West and East Village, Chelsea, Soho, Noho, Little Italy, Chinatown and Lower East Side, Since 1933
Volume 77, Number 8 | July 25 - 31, 2007

Scoopy's Notebook

High hopes for High Line access: An article in last week’s Meat Market special section stated that Andre Balazs’s new The Standard hotel will have “direct access” to the High Line, but apparently that’s not a given. Katie Lorah of Friends of the High Line gave us the lowdown: “There will be no private access to the High Line,” she said. “All access points must be public. In some locations, these public access points may be sited within a private building that directly abuts or is underneath the High line, subject to zoning provisions and negotiations with the city, which seeks to protect the public nature of the High Line and all of its access points. As it relates to The Standard hotel — the developer has made a request to the city related to access, but the city has not yet responded.” High Line access was an issue in another article in our Meat Market section on Novac Noury, the arrow keyboard pioneer, and his quest for a “Stairway to High Line.” Said Lorah: “As for Noury’s request, F.H.L. is aware of his interest in connecting to the High Line. However, his property does not directly abut the High Line, so the only way he could possibly create a public access point from his property would be to obtain an easement across the property [owned by Balazs] that sits between his property and the High Line. That said, when he inquired with Friends of the High Line, we suggested that he contact the city, as we always do with inquiries related to public access pointssited on private property. Following his request, Michael Bradley, the Parks Department’s High Line administrator, sent Noury a list of guidelines for this kind of access point. He also left a voicemail message with Noury.” Noury says he only wishes he’d known about this beforehand, since he simply would have bought the connecting platform from his building to the High Line, which Balazs demolished.

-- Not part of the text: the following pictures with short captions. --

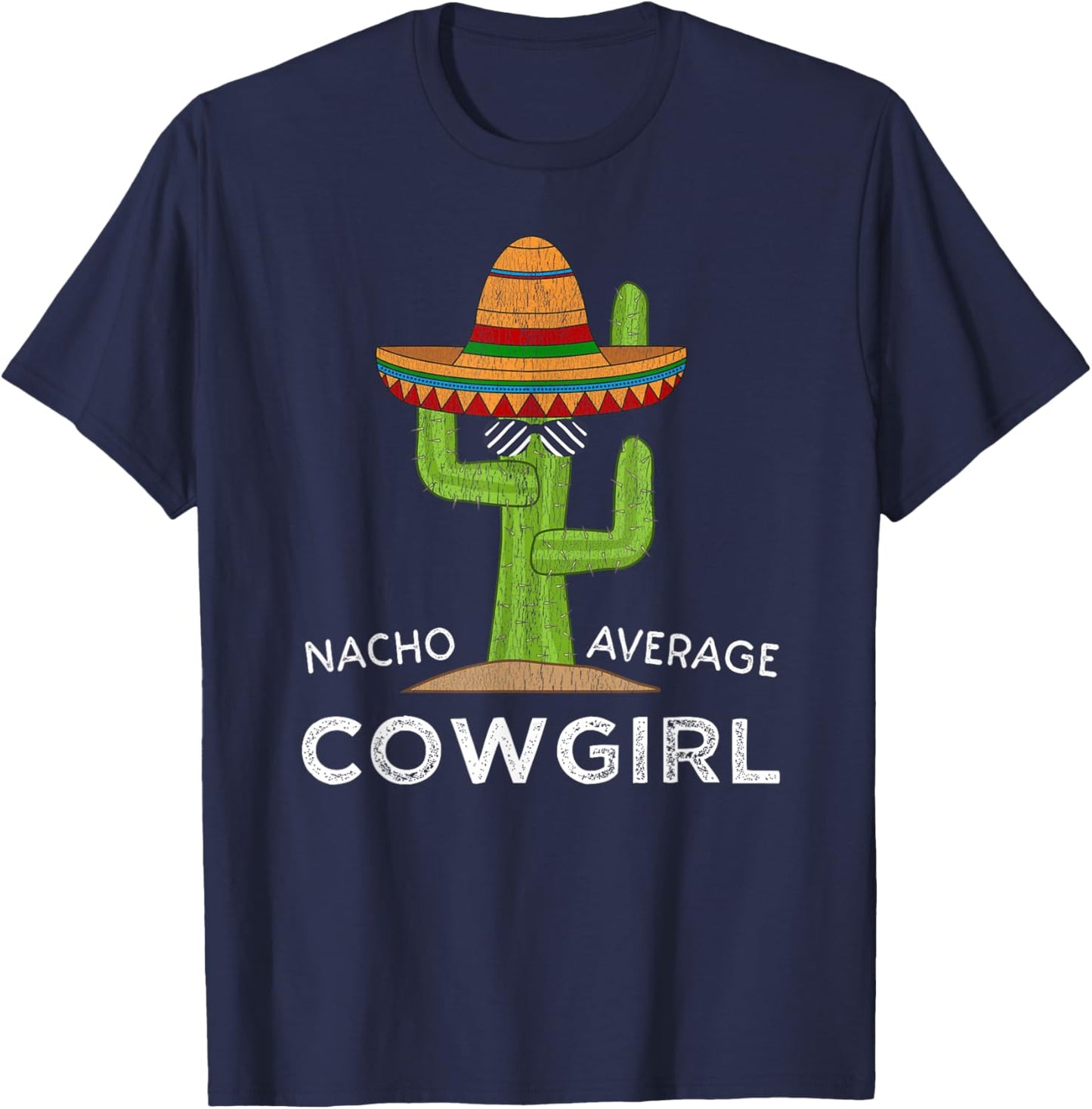 Cute Funny Cowgirl T-Shirt - T-Shirt | Navy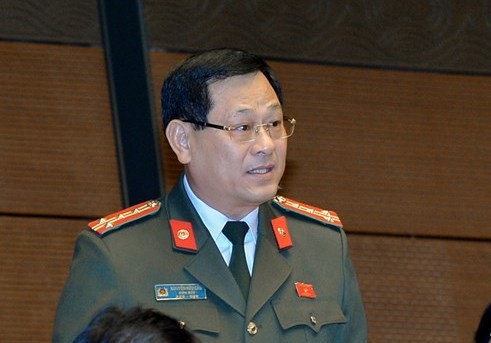 Đại biểu Nguyễn Hữu Cầu đoàn Nghệ An (ảnh quochoi.vn).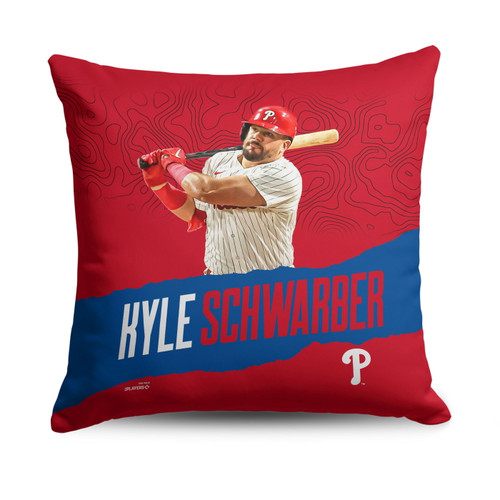 Philadelphia Phillies 18" x 18" Kyle Schwarber Throw Pillow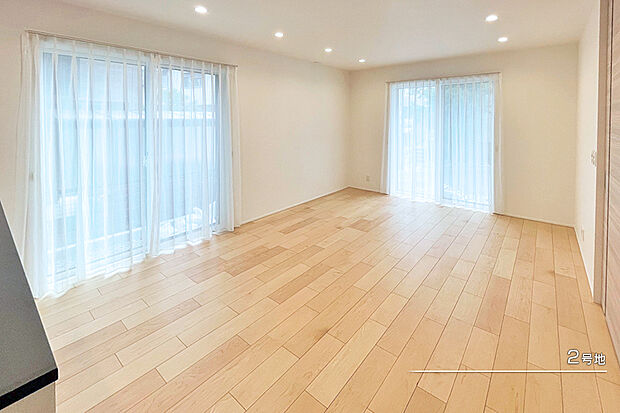 【2号地 リビング】2号地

Parkpourri: About half a year behind schedule, the renovated Vesuvio Playground at Spring and Thompson Sts. was finally fully opened last weekend. … Cristine DeLuca, a Parks Department spokesperson, tells us that all the special lighting for Father Demo Square at Bleecker St. and Sixth Ave. will be ready to be turned on at the end of August. This will include a special light fixture in the fountain as well as a glass flute with lights fitted around the fountain’s column. (This latter feature is being referred to in some parts as “the fountain condom,” but that didn’t come from the Parks Department.)

Vilnius ‘predemolition’ work: On a stroll through Hudson Square on Monday, we passed Our Lady of Vilnius Church on Broome St. by the Holland Tunnel. A fellow working there from Shannon Abatement popped his head out of the door. He said he was part of a crew removing asphalt floor tiles for what he called “predemolition.” He also said he’d heard the vacant church — which has damaged trusses, putting the roof at risk of collapse — was sold to a developer and that there had been lots of interest. But Joseph Zwilling, the Catholic Archdiocese of New York’s spokesperson, said of the church, “It’s not for sale and it has not been sold.” Asked if plans are to demolish it, he said, “That’s to be determined.” Asked if developers have been expressing interest, he said, “None that I’m aware of — but it’s not for sale anyway.”

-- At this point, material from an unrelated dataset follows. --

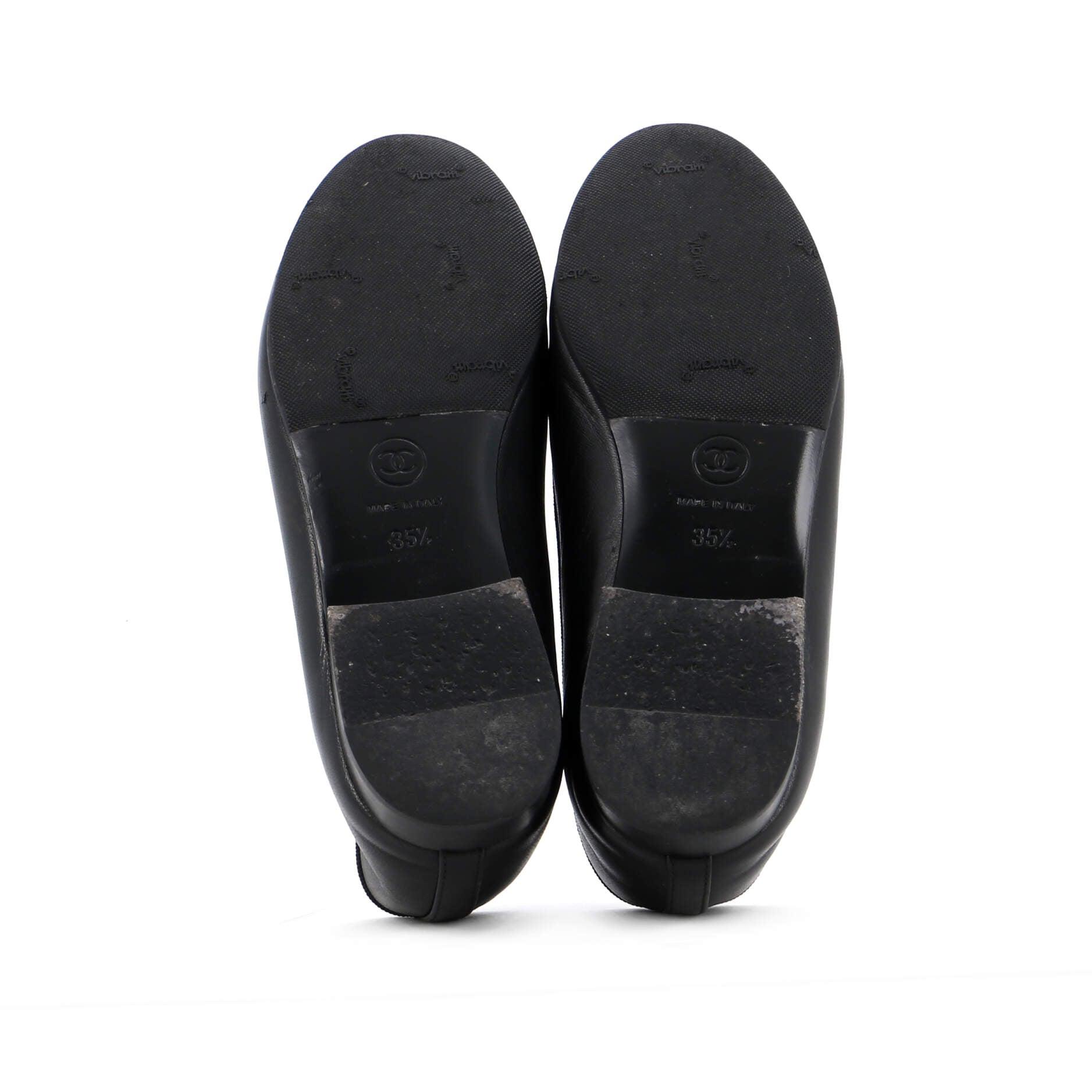 Women's CC Cap Toe Bow Ballerina Flats Leather and Patent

C.B. 2 civility: In his first meeting as chairperson of Community Board 2, Brad Hoylman set a new tone of propriety by addressing board members, not by their first names, but as “Mr. Gold,” “Ms. Secunda” and so forth. Even more impressive, he promptly wrapped up the meeting by 8:30 p.m., though this is the summer, after all.

Historic Hudson Square: Two more of the 13 Downtown federal houses that the Greenwich Village Society for Historic Preservation has been advocating to receive landmark status were so designated by the city’s Landmarks Preservation Commission on Monday: 486 and 488 Greenwich St., located between Canal and Spring Sts. in Hudson Square. The two buildings date from around 1820. So far, seven of the 13 targeted buildings have been landmarked. “It’s slow but steady progress,” said Andrew Berman, the society’s director.